If you are a CEO you need to assess whether Blockchain is an opportunity and/or a threat. But then getting their attention is hard enough. Quite often during conversations I ask CEOs the following question that generally gets their attention:
“Imagine if a competitor arrives into your market with a 50 percent price advantage, how would you respond?”
…and watch their faces.
Some then ask, making the assumption that they are starting to feel uncomfortable that there may be something to this new technology, how long do I have?
To which my response is always the same:
“Mars base has just called and informed me the alien fleet has left on their way to Earth, and by the time they reach the Moon there will be not time to react.”
Blockchain will mature by 2020
The reality is nobody knows how long – 6, 12 or 24 months – but one thing is for sure, Blockchain will hit maturity around 2020 and it isn’t going away. But reaction time is a major factor.
Blockchain is not just a new technology, a network, a development environment, a currency and distributed ledger. It represents a fundamental structural change to commerce, to how conventional operating models work.
The nature of work itself hasn’t really changed since the Henry Ford days of mass manufacturing and long production runs. Organizational and management behaviours has not advanced much for more than 150 years.
The culprit of course is the System of Record that was underpinned by the arrival of SQL databases in the 1970’s and ERP in the 1980’s. Technology that hard wired inefficiencies creating the industry layers and duplication of effort we see today, where everyone has a copy of the information on their database that the other parties don’t trust.
Theatre of AML and KYC
Why? Because the entire system of commerce we have today is based on a system of debt which is why we have to endure the excruciating façade that is the theatre of Anti Money Laundering (AML) and Know Your Customer (KYC) compliance checking each and every time.
Armies of people checking and rechecking, reconciling and validating. Adding frictional cost of at least 25 percent to an already inefficient operating model. All because nobody trusts the other party’s data requiring a central body – bank – to be the final validator, arbiter of their version of the truth.
With a Blockchain Operating Model all this nonsense goes, there is no need for the theatrical performances, as the Blockchain is an open distributed ledger where everything is transparent, where the network validates transactions, where trust is delivered because there is no trust, where the identities of the good and bad actors are known and transactions are guaranteed that don’t require any form of reconciliation or audit.
If you are a CEO, you and your organization need a plan for Blockchain just in case a competitor arrives when you least expect it, when you don’t have enough time to react, when your customers move, leaving you managing an empty shell.

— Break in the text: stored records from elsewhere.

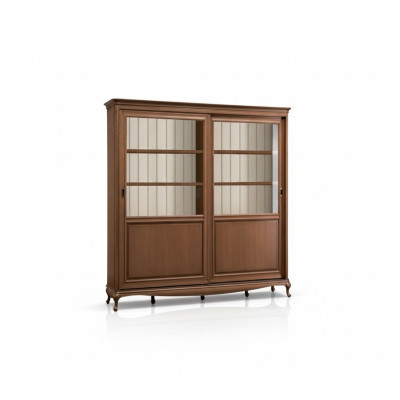 Regal Bücherkommode Klassische Möbel Regale Holz Vitrine Schrank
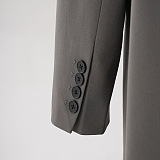 SUPER WHOLESALE |Single-Breasted Long Oversized Blazer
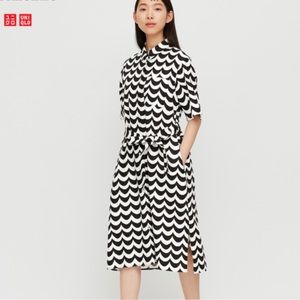 Marimekko x Uniqlo Black White Dress Size S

Better to be on the front foot embracing Blockchain and using it as a competitive weapon to gain the advantage – as in a Blockchain world the ‘first mover’ matters as there is no time to be second…
As Peter Thiel famously said:
“The objective is not to compete but to destroy the competition and monopolize a market.”
This time things will happen quicker. It will be brutal and if you are a ‘middleman’ in an industry starting to talk and embrace Blockchain you will soon be toast…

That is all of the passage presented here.